BEGIN SUPPLIED INFORMATION
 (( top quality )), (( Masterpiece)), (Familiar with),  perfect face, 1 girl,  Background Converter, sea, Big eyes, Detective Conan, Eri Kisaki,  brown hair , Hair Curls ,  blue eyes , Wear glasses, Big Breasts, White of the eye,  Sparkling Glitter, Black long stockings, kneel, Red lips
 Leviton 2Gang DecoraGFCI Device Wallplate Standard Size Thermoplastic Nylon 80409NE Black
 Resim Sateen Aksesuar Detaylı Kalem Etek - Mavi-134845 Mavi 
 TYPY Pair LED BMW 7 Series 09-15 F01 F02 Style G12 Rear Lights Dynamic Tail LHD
END SUPPLIED INFORMATION
BEGIN SUPPLIED INFORMATION
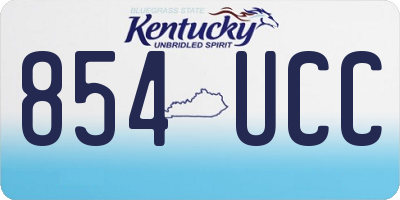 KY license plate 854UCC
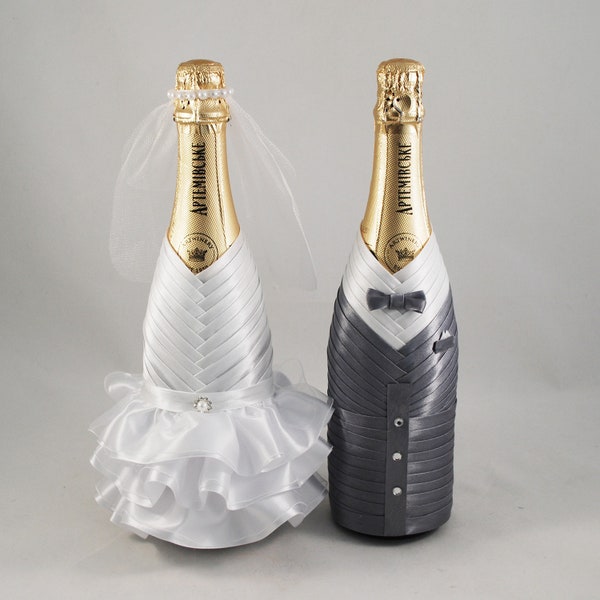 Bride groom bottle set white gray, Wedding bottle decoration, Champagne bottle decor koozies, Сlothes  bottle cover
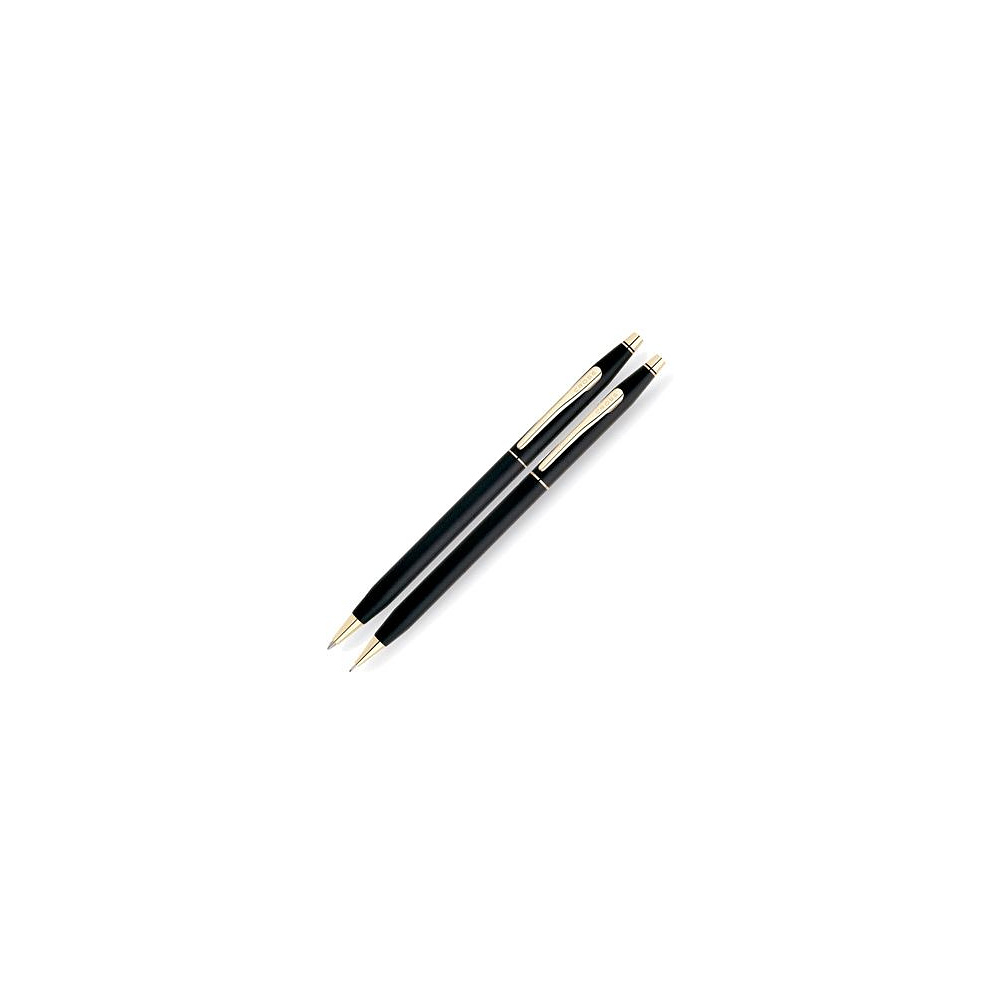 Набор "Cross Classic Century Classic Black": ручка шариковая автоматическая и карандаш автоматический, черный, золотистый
END SUPPLIED INFORMATION
BEGIN SUPPLIED INFORMATION
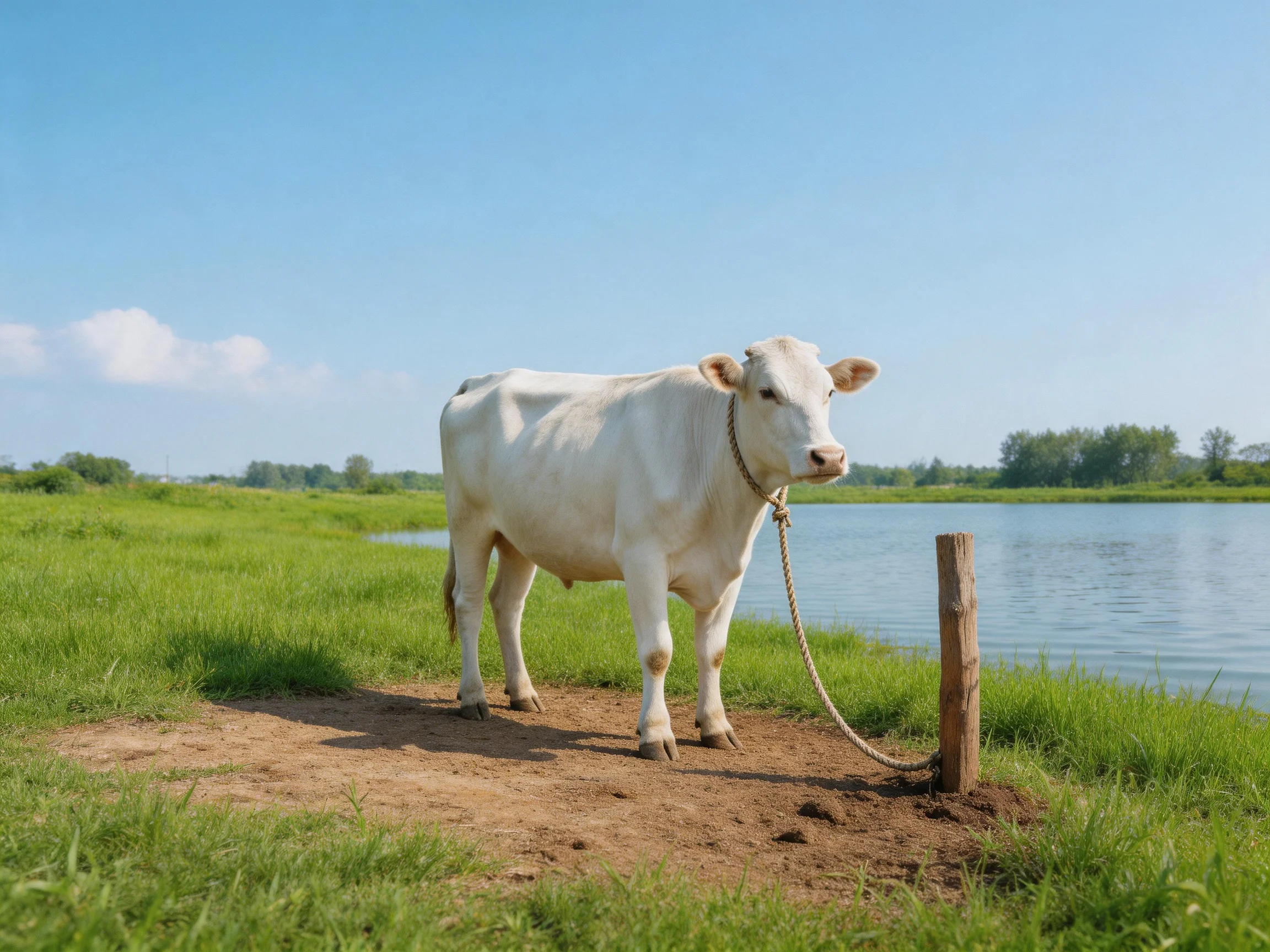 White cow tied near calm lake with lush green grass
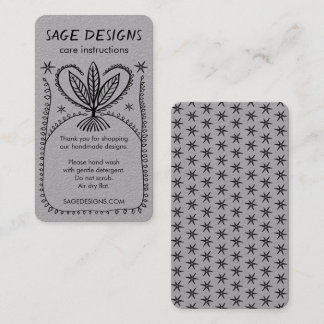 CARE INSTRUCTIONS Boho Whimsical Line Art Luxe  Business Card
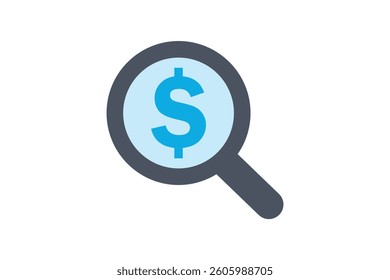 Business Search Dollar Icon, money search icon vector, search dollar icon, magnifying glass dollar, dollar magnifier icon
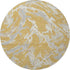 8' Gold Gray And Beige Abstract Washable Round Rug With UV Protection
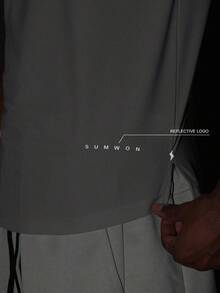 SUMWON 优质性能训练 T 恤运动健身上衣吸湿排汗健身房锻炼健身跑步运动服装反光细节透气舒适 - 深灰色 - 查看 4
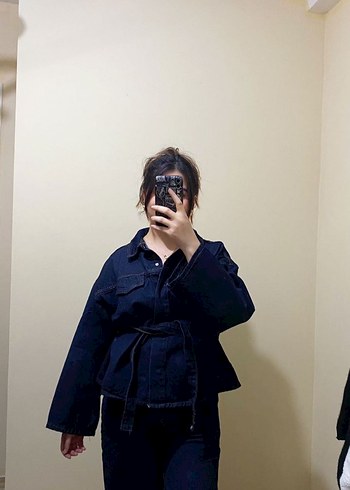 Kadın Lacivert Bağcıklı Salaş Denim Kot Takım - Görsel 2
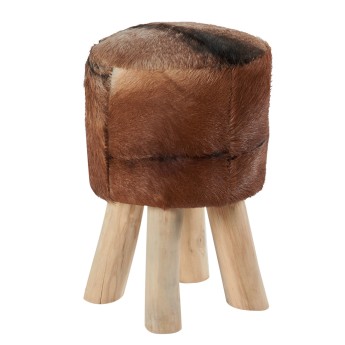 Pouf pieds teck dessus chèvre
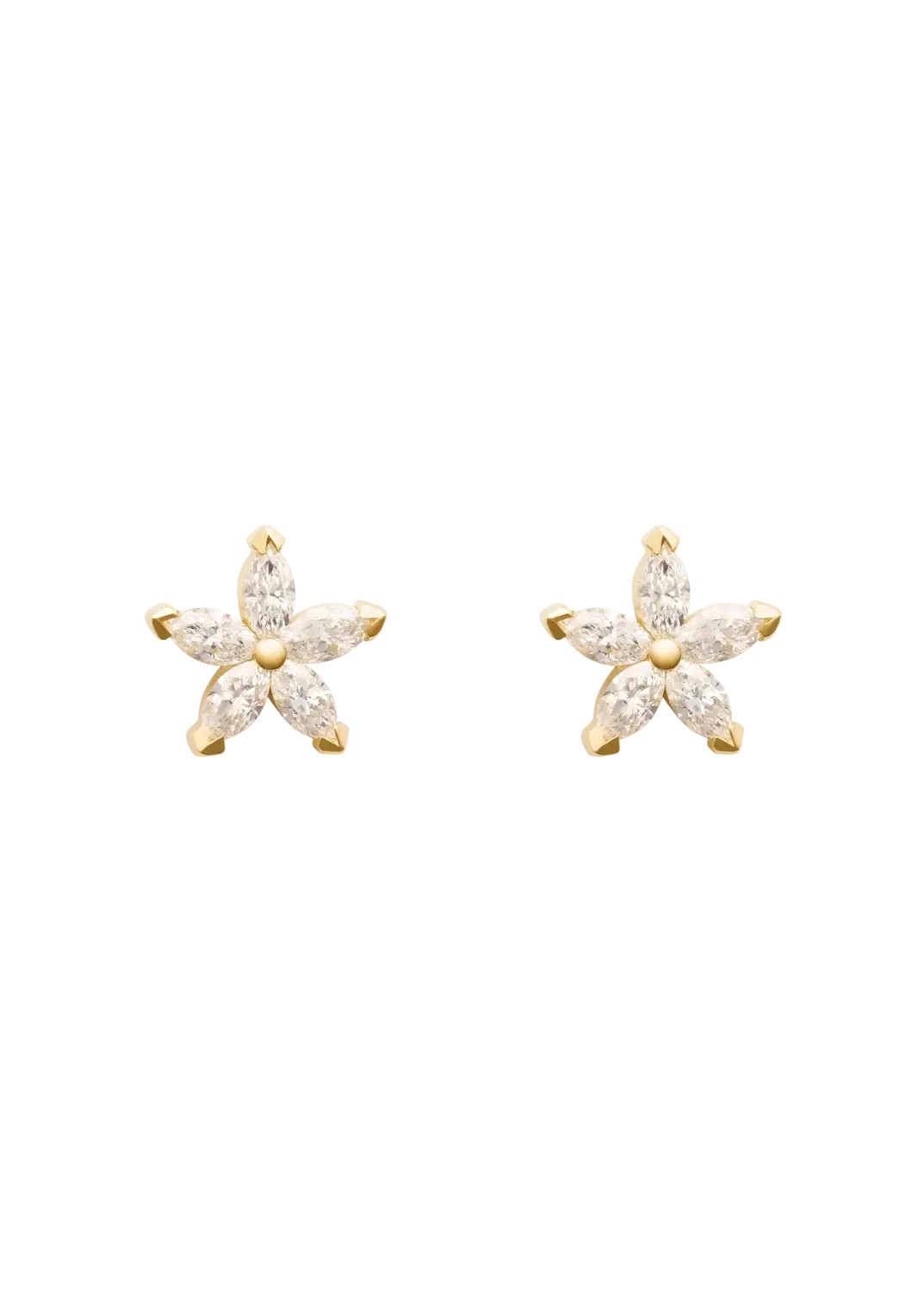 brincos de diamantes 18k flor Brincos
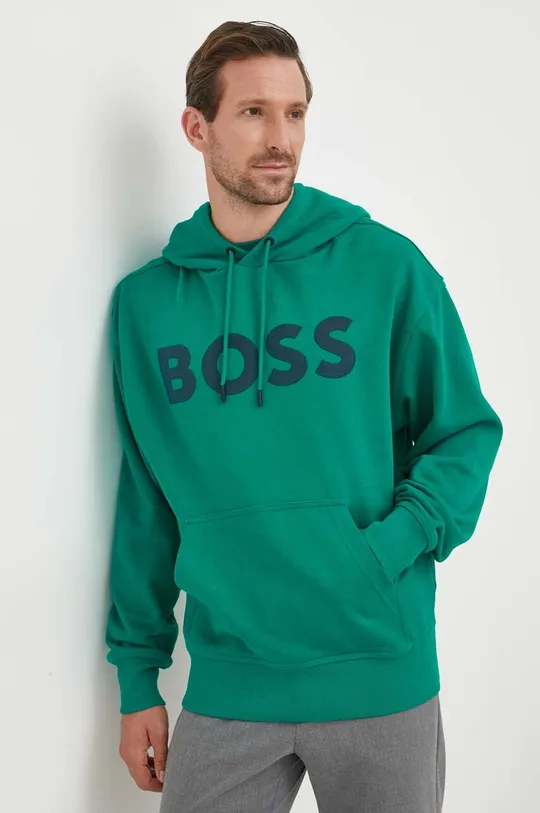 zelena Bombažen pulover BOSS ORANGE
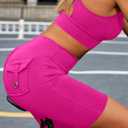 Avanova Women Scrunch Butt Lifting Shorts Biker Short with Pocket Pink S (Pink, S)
END SUPPLIED INFORMATION
## HOW TO COMPLETE THIS TASK
The reply should hold the entries above from the line with "SUMWON 优质性能训练 T" to the line with "Avanova Women Scrunch", duplicated exactly, pictures excluded.

## ANSWER TO THIS EXERCISE
 SUMWON 优质性能训练 T 恤运动健身上衣吸湿排汗健身房锻炼健身跑步运动服装反光细节透气舒适 - 深灰色 - 查看 4
 Kadın Lacivert Bağcıklı Salaş Denim Kot Takım - Görsel 2
 Pouf pieds teck dessus chèvre
 brincos de diamantes 18k flor Brincos
 zelena Bombažen pulover BOSS ORANGE
 Avanova Women Scrunch Butt Lifting Shorts Biker Short with Pocket Pink S (Pink, S)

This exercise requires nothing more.